Intron gain also occurs by the insertion of transposable elements into the existing coding sequences leading to progressively lower frequencies of genes with more introns (Ren et al. 2006). In contrast, loss of introns during evolution will lead to accumulation of genes with fewer or no introns. There are two models for intron loss in genes, the classical model, in which genomic copy of a gene undergoes gene conversion by double recombination with a reverse-transcribed copy leading to loss of one or more adjacent introns or creation of new genes by reverse transcription of mRNA (intronless) followed by insertion of this cDNA into the genome (retrotransposons like mechanism), and second is genomic deletion model in which introns could be lost by (near) exact genomic deletion (Hu 2006). The two models make several distinct predictions.

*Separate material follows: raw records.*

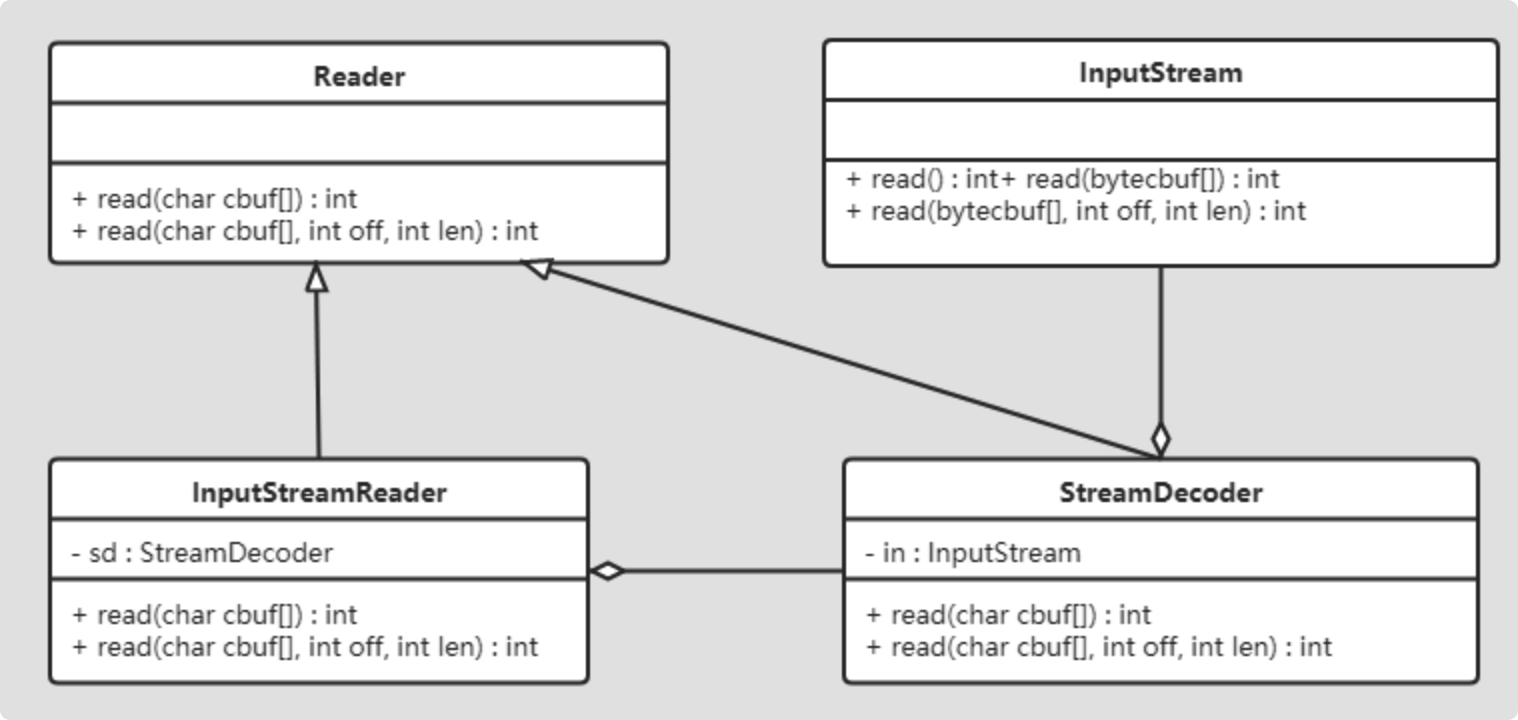 适配器模式 - 图14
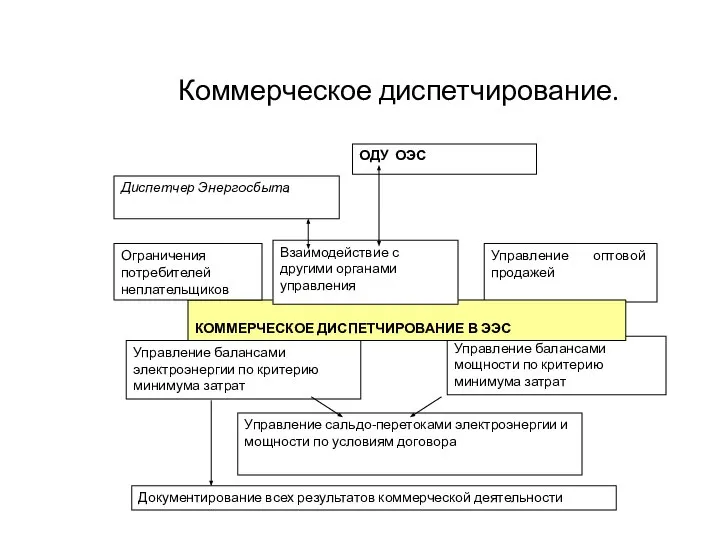 Коммерческое диспетчирование.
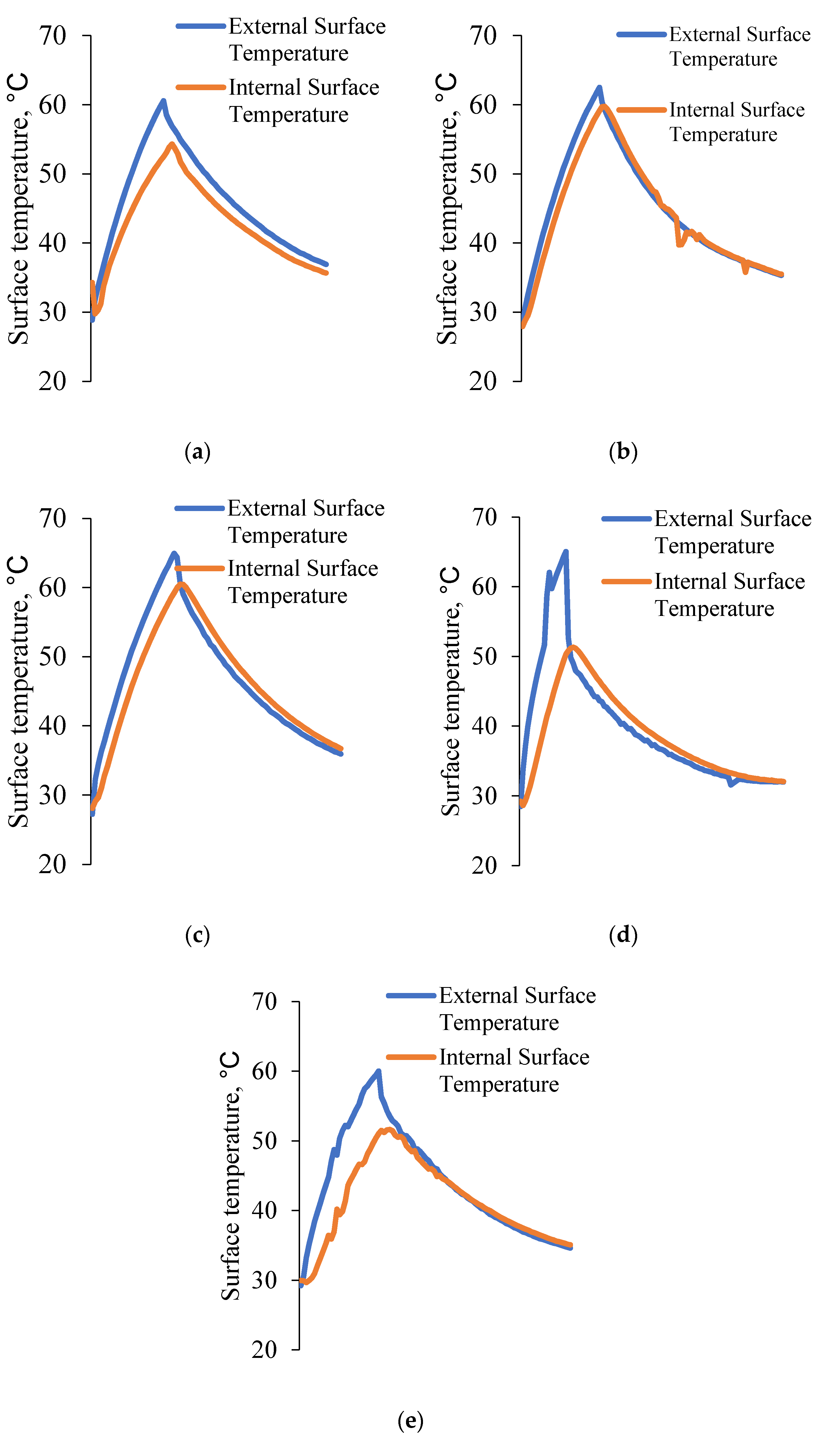 Crystals 11 00461 g004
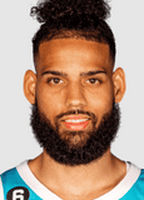 Cody Martin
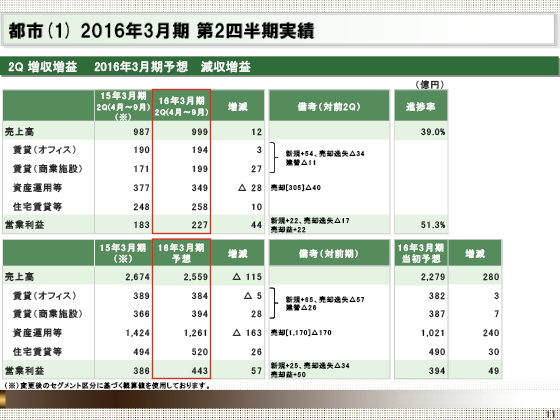 (1) 2016年3月期 第2四半期実績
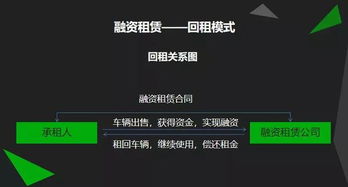 融资租赁获得的资金有什么特殊使用限制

First, recombination with RT-mRNAs should excise introns exactly, whereas genomic deletion should be less tidy, sometimes deleting adjacent coding sequences and leaving residual intron sequence (Roy and Gilbert 2006). Formation of new gene copy as per classical model was rare in Drosophila (Betrán et al. 2002). But we assume this mechanism might be predominant in plants, as retrotransposons are particularly abundant in plants, where they are often a principal component of nuclear DNA. For instance, in wheat about 90 % of the genome is made up of retrotransposons, whereas it is 49–78 % in maize (Li et al. 2004; Sanmiguel and Bennetzen 1998).

There would be a possibility of formation of defective copies of genes along with the functional copy during the intron loss. It has been reported that evolutionarily conserved genes in rice have more number of introns than newly evolved genes (25). Further, the results agreed with our presumption about the newly evolved intronless or genes with few introns being faulty. While loss of introns theory can explain formation of defective genes there is no evidence of any selective advantage for such genes during evolution of eukaryotic genes. Particularly, our results point more towards the selective advantage of intron-rich genes due to their high expression level.

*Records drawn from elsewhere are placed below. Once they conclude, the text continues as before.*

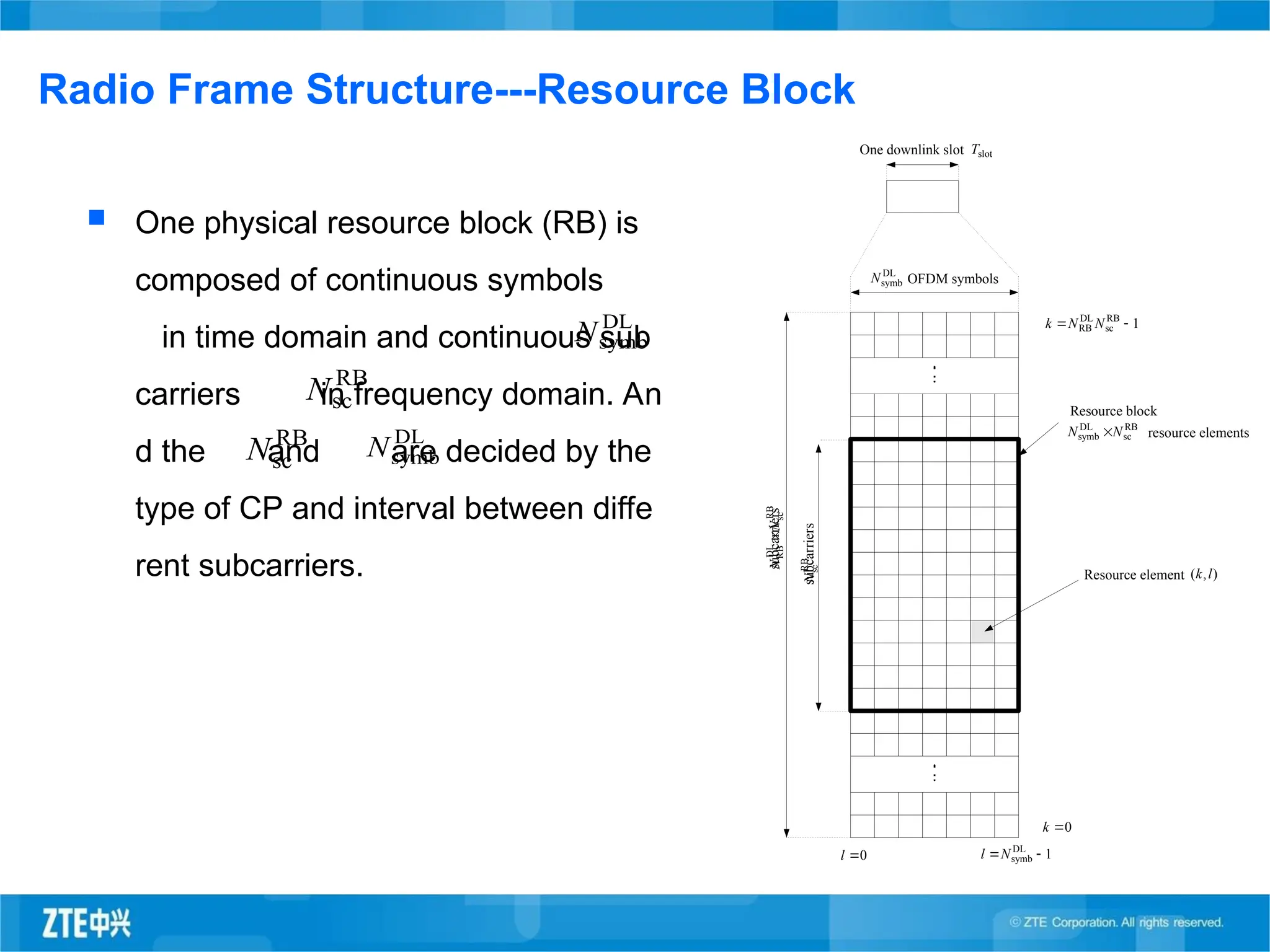 Radio Frame Structure---Resource Block
DL
symb
N OFDM symbols
One downlink slot slot
T
0

l 1
DL
symb 
N
l
RB
sc
DL
RB
N
N

subcarriers
RB
sc
N
subcarriers
RB
sc
DL
symb N
N 
Resource block
resource elements
Resource element )
,
( l
k
0

k
1
RB
sc
DL
RB 
 N
N
k
 One physical resource block (RB) is
composed of continuous symbols
in time domain and continuous sub
carriers in frequency domain. An
d the and are decided by the
type of CP and interval between diffe
rent subcarriers.
DL
symb
N
RB
sc
N
DL
symb
N
RB
sc
N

Intron features like length and abundance in gene have been routinely used to correlate with evolution of gene family (Patil and Nicander 2013; Deshmukh et al. 2013). The gene families mostly expands with segmental or whole genome duplications. Many other mode of gene duplication are also known which involves reverse transcription of RNA, horizontal gene transfer and uneven recombination events. All these different mechanisms enforced different level of selection pressure on introns. Xu et al. (2012) have analyzed 612 pairs of sibling paralogs from seven representative gene families and 300 pairs of one-to-one orthologs from different species and their results suggested that the structural divergences have a more important role during the evolution of duplicate than non-duplicate genes.

Despite increasing number of available genome sequences and advance analytical tool very less efforts are employed to understand intron evolution and genomic scale. The present study is focused on rice genome and there is possibility of having diverse pattern of intron distribution in other plant genomes particularly in dicots and primitive plant species. This study will be helpful to verify the facts and enrich understanding of intron distribution in genome. We have shown here a typical genome wide distribution pattern of introns in the rice genes, their correlation with exon length, CDS length and gene expression. The result presented here, would be useful in understanding the structural organization of genes with respect to the presence of introns.